Opinions of Wednesday, 7 April 2021

Columnist: Alhaji Iddi Muhayu-Deen

Living with sickle cell - The story of Hajia Adiza Bala Faila

Some sickle cell patients battle dreaded ailment Some sickle cell patients battle dreaded ailment

I met this lady seven years ago during my days and interactions in the enterprise of student leadership particularly the National Union of Ghana Students (NUGS) where I once served as General Secretary. We had since become good friends and indeed a family sharing so many things in common, ranging from politics to sports, to entertainment, and to religion.

I call her my junior mum because she bears the same name as my mum. Until a month or so ago when I visited her and she invited me to her book launch on March 27, 2021, which coincides with her 30th birthday, I never knew and would definitely not have believed anyone if I was told she was a sickle cell patient (Sickler) and had been battling this dreaded ailment all her life.

She herself informed me about her condition and added that this was what motivated her to share her life experience on paper, in the then yet to be launched book, titled *“Will my story inspire you? Striving to Success with Sicle Cell”.* Shocked? Of course, I was shocked and also dumbfounded, not because I didn’t believe her, but because the kind of life she lived was completely at variance with my uninformed expectations of a sickle cell carrier and for that matter Sickler.

She was super-active in all disciplines; she was lovely and lively; she was exhilarating and joyful; she was extremely intelligent in school winning many prizes; she was adventurous; she was interactive and enthusiastic; she was political; she was a go-getter; she was so committed to the Islamic faith like none other, and above all, she was that person that anybody would want to be with.

With this in mind, how could I ever have any basis to think that my junior mum, Hajia Adiza Bala Faila had been battling a life-long and life-threatening sickness? How could I believe that she was a sickle cell carrier? Just how? But, it is what it is, and we can only say, Almighty Allah knows best.

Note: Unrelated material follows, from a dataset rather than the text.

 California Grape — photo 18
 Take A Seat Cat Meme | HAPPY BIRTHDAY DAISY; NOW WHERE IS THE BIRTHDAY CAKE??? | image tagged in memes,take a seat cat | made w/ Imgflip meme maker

Yes, like every other sickle cell patient, she has also been falling sick, but she just wouldn’t allow her condition and the thought of imminent death to impede or obstruct her quest to enjoy life to the fullest.

Not even the fact that none of her direct siblings who were also sickle cell carriers or Sickler lived beyond 18 years. All three died before they got to 18. She is the only surviving Sickler in the immediate family. Not even the fact that her parents [as they themselves said at the book launch] had almost given up on her when her condition at many times was becoming more and more dire and precarious.

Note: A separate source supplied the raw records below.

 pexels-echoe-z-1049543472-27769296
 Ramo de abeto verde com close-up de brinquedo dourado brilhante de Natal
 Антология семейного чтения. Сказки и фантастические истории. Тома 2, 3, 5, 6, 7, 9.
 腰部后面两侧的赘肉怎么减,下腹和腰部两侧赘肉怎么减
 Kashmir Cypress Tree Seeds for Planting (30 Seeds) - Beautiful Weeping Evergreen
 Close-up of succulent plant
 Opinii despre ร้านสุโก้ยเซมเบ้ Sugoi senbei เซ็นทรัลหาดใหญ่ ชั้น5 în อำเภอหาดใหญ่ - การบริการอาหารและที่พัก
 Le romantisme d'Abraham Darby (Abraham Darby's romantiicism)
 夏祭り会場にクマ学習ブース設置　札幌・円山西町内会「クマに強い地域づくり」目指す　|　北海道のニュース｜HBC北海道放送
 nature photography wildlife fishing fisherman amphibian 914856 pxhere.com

The result of the positive defiance of her condition (state of being) and determination to succeed in life is that today, not only has she turned 30 and yet strong and kicking, she has also become a successful career woman (CEO of the popular Shamfiz J Company Ltd and Founder of Shamfiz J Foundation).

She also works with a reputable government Agency even as she undertakes her masters programme in Public Relations at the Ghana Institute of Journalism (GIJ). More significantly, Hajia Adiza is a happily married woman.

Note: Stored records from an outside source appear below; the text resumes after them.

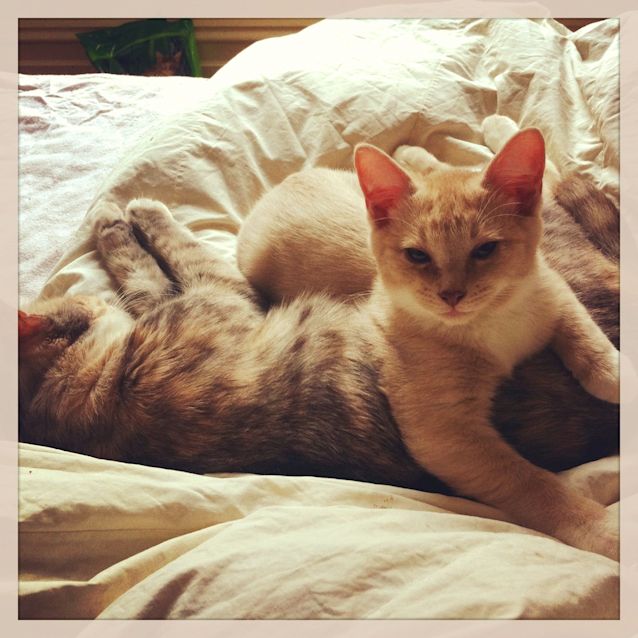 Photo of Pippin   Stunning Looking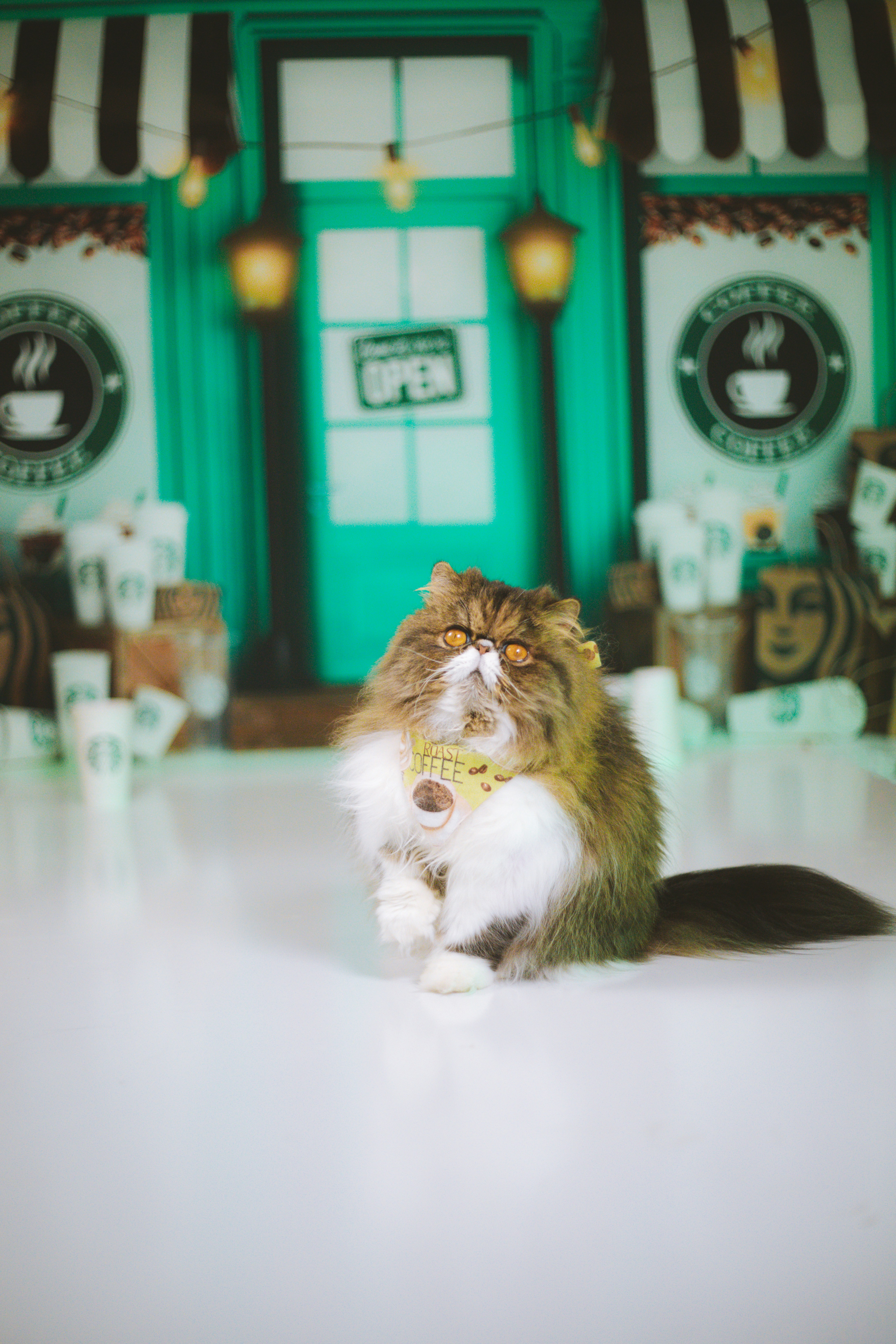 A fluffy cat poses in front of a coffee shop.
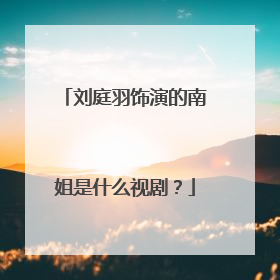 刘庭羽饰演的南姐是什么视剧?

Lesson: What will kill you is not your condition (health or otherwise) but your acceptance of that condition as being your destiny, and that, which defines your life. The Adiza story has thought us that we have what it takes to overcome whatever conditions we find ourselves in. We should not be discouraged by our conditions. We can certainly defeat it before it defeats us. And our biggest weapon to defeating our condition is our MIND.